Conventional knowledge states that the VF defect of NAION is classically altitudinal. However, a central scotoma was recently reported in approximately 30% of a large cohort of 256 patients affected with NAION (using manual kinetic perimetry) [10]. In the present study we found four out of 16 NAION eyes to have a single central VF defect (group 3) associated in the chronic phases with RNFL atrophy limited to the temporal and superior optic disc quadrants, despite the entire ONH appearing edematous at presentation. We can speculate that in these patients the ischemic infarction may be limited to the inner portion of the ONH, where the axons arising from the papillomacular bundle run [14, 15]. Acutely, such an event would lead to diffuse edema of the RNFL involving all four quadrants of the optic disc; in the atrophic stages of the disease, only the fibers of the papillomacular bundle would be affected, thus producing the observed thickness reduction in the temporal quadrant (and to a lesser extent in the superior one).

Other imaging technologies have been used to study the RNFL thickness in patients with NAION. Unfortunately, SLP does not seem able to detect RNFL thickening, so that our results can hardly be compared to those obtained with this technology in the acute stage. As observed by Menke [13] and Savini [20], the RNFL thickness measurements obtained using OCT differ considerably from those obtained using SLP. This discrepancy is probably related to the properties of SLP, which measures birefringence of the structural elements (neurofilaments and microtubules) within the RNFL and generates the RNFL thickness from such a measurement. Indeed, ONH edema is likely caused not by an increase in the number of neurofilaments and microtubules, but rather by intracytoplasmic swelling of ganglion cell axons [17].

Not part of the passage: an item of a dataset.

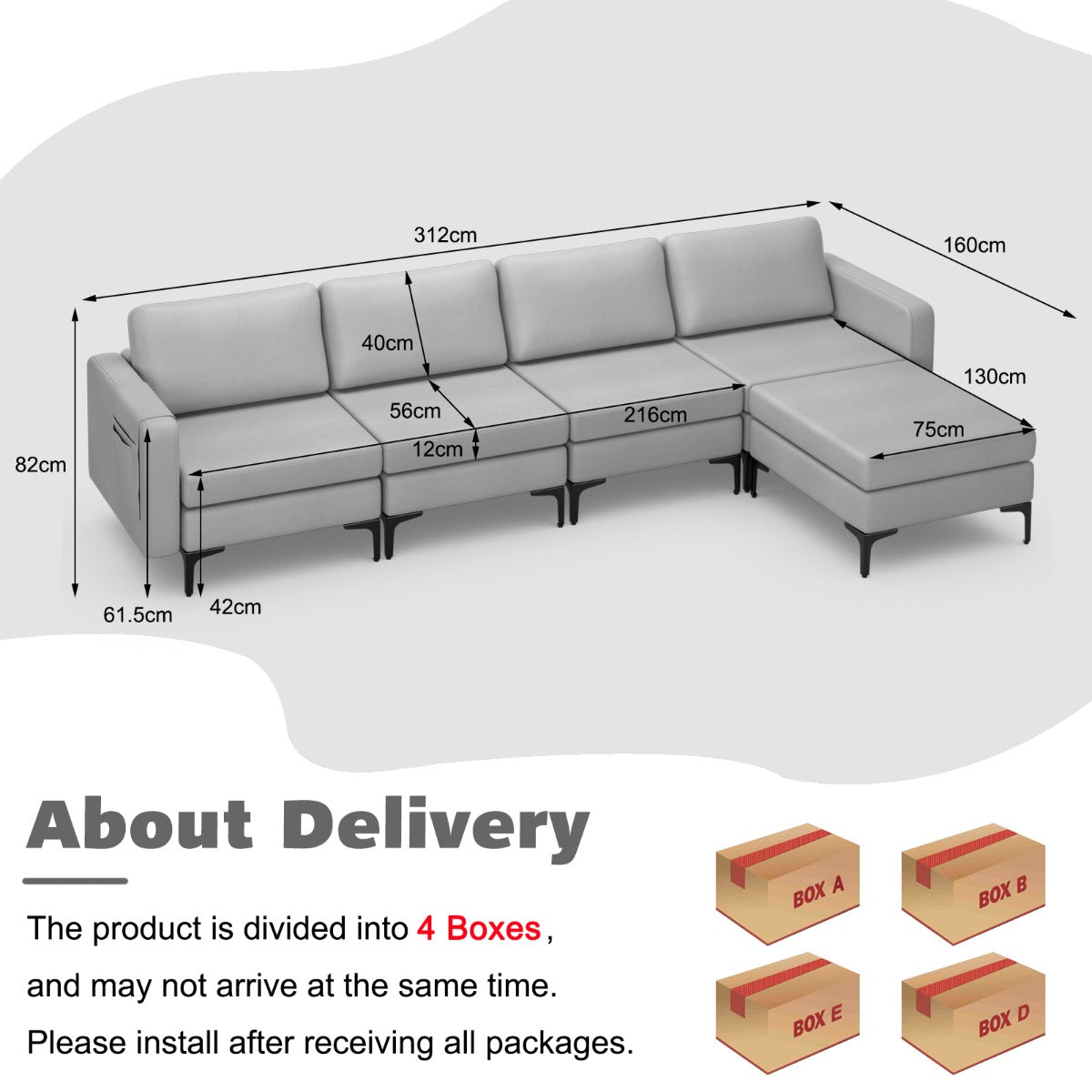 NNECW Sectional Sofa Couch with Reversible Ottoman for Living Room-3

However, if we look at the atrophic phase of NAION, our data and those obtained by SLP are quite similar. Using GDx with variable corneal compensation, in fact, Saito et al. found the average RNFL thickness in the superior quadrant to be significantly lower than the average in the inferior quadrant [18]. Moreover, changes in RNFL thickness as measured by SLP in NAION correlate with changes in VF sensitivity as demonstrated by Danesh-Meyer [5].

Our study is in moderate agreement with another investigation carried out using OCT. Evaluating 15 eyes affected with atrophic NAION and an altitudinal inferior VF defect, Deleón-Ortega et al. recently found a similar reduction in RNFL thickness in the superior sector of the ONH. In contrast with our results, however, they also detected a RNFL thickness reduction in the inferior sector of the ONH (corresponding to the relatively unaffected superior hemifield) [6]. Conversely, in our study patients with a VF defect confined to the inferior hemifield (group 1) did not show statistically significant differences in the inferior optic disc quadrant, in either the acute or the atrophic phase (this can be easily observed in Figs. 1 and 2). However, the difference between our findings and those of Deleón-Ortega et al. should be considered with caution, as the mean RNFL values of the inferior quadrant in our sample and in their own were very close to each other (111 μ vs 109 μ respectively). A thorough analysis of the data from both studies actually reveals that the difference is related to the control groups. Since patients with NAION have been reported to have small ONH, we used the fellow unaffected eyes of the same patients as control group, instead of healthy participants as used in the Deleón-Ortega study.

The main limitation of the present investigation is the relatively small sample size, but sixteen NAION eyes are sufficient to show that OCT can detect different patterns of RNFL damage in different groups of eyes affected with NAION, classified on the basis of VF defect. Our objective measurements corroborate previous histologic findings in optic nerves affected with NAION, and may provide useful information for diagnosing and monitoring patients affected with this disease.